== ACTIVITY ==
Your answer should consist solely of the lines from the first line of the data through the line with "1907 Pattern SMLE", each reproduced exactly.

*** Opening of DATA SUPPLIED ***

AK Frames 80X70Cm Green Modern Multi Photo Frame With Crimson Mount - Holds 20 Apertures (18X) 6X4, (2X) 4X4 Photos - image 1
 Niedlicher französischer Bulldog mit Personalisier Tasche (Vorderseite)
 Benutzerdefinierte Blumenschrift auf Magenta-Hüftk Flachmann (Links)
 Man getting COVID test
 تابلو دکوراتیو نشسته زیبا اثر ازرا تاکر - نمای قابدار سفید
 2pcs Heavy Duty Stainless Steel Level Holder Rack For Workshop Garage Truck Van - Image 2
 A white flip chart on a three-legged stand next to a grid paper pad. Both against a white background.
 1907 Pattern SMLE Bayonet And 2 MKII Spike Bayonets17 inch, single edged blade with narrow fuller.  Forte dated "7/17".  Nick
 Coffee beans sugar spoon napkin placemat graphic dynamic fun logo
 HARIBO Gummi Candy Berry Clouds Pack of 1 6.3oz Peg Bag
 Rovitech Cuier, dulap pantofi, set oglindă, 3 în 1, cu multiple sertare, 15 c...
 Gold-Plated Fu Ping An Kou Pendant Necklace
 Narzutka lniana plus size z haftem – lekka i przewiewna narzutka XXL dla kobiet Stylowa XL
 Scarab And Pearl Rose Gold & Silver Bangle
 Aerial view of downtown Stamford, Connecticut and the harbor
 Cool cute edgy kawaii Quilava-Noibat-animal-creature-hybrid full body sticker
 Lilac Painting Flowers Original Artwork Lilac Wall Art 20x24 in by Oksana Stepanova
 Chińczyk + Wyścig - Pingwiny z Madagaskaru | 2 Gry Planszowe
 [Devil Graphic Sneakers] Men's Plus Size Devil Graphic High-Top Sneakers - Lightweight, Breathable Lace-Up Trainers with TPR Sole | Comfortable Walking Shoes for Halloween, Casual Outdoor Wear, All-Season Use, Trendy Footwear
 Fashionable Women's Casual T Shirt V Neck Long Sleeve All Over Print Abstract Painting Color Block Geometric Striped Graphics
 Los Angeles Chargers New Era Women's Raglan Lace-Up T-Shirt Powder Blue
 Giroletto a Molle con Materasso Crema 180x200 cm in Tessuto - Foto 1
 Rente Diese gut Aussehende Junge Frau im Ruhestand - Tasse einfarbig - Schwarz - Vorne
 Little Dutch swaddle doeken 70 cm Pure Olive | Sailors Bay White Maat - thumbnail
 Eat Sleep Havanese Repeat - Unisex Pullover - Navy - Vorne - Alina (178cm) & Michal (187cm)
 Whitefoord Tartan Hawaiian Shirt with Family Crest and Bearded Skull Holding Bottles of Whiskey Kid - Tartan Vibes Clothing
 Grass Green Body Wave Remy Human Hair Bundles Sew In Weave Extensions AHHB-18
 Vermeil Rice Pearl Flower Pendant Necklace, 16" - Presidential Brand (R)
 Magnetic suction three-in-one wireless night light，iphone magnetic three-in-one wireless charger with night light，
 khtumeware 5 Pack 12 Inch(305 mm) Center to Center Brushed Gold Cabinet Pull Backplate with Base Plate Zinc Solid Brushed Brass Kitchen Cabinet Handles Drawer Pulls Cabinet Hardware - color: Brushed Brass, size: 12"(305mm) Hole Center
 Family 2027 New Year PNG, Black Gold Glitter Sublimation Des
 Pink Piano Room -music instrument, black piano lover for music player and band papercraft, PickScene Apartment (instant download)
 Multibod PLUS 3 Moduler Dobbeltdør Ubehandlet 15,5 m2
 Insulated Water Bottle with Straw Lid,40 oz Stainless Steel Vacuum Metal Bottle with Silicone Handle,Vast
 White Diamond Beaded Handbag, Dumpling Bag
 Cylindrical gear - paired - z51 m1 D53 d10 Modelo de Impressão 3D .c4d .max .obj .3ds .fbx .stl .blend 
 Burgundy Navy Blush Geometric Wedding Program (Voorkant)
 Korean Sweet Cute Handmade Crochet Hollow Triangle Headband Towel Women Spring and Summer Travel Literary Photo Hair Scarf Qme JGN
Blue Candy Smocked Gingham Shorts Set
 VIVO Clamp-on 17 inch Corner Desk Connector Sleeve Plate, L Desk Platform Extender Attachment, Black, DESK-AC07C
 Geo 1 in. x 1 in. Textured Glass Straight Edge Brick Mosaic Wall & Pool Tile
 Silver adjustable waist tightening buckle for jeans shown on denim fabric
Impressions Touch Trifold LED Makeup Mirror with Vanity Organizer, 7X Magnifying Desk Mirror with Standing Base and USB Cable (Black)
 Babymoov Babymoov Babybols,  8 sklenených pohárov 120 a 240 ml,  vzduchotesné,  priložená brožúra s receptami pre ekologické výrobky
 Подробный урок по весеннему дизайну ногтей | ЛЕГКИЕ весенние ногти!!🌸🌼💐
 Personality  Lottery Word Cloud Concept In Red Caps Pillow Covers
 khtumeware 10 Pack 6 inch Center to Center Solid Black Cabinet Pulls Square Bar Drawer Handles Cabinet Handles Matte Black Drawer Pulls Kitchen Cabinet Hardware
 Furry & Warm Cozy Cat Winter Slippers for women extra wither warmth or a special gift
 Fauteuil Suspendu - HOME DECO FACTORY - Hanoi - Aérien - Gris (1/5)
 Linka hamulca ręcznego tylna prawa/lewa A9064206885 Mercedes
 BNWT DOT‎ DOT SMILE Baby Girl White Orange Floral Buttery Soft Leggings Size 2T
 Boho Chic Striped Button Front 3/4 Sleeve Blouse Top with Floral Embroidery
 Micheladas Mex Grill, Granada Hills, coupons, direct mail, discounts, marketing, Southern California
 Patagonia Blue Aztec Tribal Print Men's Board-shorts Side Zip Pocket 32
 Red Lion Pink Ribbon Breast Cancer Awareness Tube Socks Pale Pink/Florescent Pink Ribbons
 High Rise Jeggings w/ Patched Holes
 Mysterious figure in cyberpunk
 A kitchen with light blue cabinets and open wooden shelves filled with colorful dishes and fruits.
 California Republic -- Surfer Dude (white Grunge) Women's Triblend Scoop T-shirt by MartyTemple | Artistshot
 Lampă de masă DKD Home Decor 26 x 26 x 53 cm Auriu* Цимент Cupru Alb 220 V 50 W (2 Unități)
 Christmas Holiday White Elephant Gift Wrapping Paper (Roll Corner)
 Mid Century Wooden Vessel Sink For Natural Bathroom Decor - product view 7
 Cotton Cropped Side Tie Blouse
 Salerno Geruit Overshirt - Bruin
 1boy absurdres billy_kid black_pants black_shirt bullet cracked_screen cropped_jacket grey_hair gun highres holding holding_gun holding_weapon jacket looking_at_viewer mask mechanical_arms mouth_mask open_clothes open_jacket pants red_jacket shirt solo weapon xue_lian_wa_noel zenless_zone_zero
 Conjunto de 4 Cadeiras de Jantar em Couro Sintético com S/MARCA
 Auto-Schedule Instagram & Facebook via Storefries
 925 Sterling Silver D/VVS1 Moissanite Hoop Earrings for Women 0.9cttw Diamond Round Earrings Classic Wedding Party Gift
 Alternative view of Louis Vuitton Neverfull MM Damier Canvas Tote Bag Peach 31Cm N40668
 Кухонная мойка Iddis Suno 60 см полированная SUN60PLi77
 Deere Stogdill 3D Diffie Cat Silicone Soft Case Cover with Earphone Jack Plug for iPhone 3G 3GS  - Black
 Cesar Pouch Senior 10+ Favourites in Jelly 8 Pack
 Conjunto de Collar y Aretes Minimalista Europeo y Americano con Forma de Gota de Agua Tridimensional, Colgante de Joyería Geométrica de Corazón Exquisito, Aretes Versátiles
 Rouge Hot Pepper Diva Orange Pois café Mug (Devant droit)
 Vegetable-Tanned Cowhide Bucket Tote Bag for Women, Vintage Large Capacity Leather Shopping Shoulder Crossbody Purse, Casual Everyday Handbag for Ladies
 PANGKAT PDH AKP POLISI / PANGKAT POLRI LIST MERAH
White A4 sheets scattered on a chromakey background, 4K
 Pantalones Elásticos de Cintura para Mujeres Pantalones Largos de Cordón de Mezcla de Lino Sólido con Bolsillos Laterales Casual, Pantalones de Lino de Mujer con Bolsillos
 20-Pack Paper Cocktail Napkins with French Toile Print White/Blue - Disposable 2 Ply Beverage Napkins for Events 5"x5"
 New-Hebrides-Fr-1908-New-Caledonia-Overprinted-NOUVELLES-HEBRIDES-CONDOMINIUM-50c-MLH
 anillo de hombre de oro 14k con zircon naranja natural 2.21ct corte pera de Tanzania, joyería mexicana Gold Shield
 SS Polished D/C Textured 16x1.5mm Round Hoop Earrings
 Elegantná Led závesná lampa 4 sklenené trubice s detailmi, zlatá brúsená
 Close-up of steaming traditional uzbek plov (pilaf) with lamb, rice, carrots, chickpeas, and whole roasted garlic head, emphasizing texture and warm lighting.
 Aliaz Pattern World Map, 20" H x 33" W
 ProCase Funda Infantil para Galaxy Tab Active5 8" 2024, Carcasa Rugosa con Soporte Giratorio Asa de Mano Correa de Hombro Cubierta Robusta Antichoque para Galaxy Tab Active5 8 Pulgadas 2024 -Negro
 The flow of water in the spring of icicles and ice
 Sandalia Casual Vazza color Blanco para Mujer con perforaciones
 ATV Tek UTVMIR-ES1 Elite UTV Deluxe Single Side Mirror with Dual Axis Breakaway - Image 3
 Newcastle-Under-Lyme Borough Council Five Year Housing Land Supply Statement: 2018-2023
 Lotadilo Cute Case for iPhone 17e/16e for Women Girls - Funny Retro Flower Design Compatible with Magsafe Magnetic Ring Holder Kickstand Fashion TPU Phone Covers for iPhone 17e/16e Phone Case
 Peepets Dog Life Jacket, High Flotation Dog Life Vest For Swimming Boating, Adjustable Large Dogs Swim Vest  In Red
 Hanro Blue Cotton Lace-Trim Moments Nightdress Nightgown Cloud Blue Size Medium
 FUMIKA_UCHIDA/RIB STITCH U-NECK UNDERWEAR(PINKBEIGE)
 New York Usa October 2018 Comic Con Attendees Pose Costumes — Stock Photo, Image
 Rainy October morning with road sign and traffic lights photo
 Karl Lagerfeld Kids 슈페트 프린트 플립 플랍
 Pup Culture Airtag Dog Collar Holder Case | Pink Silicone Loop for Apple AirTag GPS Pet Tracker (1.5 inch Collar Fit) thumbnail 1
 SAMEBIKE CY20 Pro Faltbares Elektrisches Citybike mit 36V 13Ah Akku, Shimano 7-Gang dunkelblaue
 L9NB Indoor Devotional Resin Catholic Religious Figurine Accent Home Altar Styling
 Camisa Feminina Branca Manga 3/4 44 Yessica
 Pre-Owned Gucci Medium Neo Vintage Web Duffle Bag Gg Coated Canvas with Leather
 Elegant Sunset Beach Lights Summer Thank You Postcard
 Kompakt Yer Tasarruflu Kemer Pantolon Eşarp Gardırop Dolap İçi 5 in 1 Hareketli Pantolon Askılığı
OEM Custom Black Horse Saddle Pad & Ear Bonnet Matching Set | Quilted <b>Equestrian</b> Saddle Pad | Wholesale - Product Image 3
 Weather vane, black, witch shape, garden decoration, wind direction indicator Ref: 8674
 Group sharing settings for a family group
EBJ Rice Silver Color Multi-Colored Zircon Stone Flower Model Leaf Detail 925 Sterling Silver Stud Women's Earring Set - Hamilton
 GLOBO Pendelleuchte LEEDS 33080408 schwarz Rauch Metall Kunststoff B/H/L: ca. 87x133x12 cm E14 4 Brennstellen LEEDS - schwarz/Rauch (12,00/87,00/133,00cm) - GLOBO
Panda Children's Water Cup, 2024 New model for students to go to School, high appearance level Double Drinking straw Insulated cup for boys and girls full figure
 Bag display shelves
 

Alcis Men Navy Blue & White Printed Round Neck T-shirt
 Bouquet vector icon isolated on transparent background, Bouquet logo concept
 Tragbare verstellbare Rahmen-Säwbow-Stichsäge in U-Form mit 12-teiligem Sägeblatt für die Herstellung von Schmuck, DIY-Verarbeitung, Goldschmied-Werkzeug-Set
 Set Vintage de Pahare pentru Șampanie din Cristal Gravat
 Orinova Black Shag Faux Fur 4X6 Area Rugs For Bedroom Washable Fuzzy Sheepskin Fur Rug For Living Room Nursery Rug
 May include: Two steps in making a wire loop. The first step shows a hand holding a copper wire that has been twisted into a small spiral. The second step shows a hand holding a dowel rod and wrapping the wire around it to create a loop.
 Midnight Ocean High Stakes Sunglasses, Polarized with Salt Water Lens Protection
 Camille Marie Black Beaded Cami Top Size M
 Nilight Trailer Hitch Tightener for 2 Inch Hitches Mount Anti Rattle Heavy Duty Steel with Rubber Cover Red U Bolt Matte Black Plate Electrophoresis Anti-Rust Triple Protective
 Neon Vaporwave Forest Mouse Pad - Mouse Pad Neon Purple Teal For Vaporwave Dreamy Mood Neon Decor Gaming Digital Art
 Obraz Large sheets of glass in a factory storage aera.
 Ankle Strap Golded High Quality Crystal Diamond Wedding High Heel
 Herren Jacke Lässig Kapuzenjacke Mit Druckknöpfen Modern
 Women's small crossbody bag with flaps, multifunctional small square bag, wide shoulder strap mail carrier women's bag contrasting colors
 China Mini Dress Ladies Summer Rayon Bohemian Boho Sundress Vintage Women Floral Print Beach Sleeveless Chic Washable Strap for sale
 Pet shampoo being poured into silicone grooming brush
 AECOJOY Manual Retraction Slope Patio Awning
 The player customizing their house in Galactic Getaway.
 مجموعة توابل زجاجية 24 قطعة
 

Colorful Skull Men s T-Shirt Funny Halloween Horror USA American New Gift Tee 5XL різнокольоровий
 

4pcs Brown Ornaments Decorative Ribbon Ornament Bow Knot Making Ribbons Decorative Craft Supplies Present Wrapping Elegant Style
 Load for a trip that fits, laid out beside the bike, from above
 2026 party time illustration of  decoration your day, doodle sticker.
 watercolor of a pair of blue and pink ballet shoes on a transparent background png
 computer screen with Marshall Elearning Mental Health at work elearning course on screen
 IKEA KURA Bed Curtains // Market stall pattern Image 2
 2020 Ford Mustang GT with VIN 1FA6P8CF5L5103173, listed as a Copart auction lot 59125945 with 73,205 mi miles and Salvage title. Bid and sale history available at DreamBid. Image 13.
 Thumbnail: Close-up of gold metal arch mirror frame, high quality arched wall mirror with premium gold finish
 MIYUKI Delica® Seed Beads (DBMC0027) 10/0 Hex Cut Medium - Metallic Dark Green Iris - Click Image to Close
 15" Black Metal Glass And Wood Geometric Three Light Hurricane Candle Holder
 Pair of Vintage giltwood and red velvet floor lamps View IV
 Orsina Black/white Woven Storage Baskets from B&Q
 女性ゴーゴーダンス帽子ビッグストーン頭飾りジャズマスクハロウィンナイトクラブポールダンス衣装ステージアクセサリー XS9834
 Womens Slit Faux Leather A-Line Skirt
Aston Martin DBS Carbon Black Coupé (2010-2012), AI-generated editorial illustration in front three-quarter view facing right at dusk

*** Close of DATA SUPPLIED ***

== REPLY ==
AK Frames 80X70Cm Green Modern Multi Photo Frame With Crimson Mount - Holds 20 Apertures (18X) 6X4, (2X) 4X4 Photos - image 1
 Niedlicher französischer Bulldog mit Personalisier Tasche (Vorderseite)
 Benutzerdefinierte Blumenschrift auf Magenta-Hüftk Flachmann (Links)
 Man getting COVID test
 تابلو دکوراتیو نشسته زیبا اثر ازرا تاکر - نمای قابدار سفید
 2pcs Heavy Duty Stainless Steel Level Holder Rack For Workshop Garage Truck Van - Image 2
 A white flip chart on a three-legged stand next to a grid paper pad. Both against a white background.
 1907 Pattern SMLE Bayonet And 2 MKII Spike Bayonets17 inch, single edged blade with narrow fuller.  Forte dated "7/17".  Nick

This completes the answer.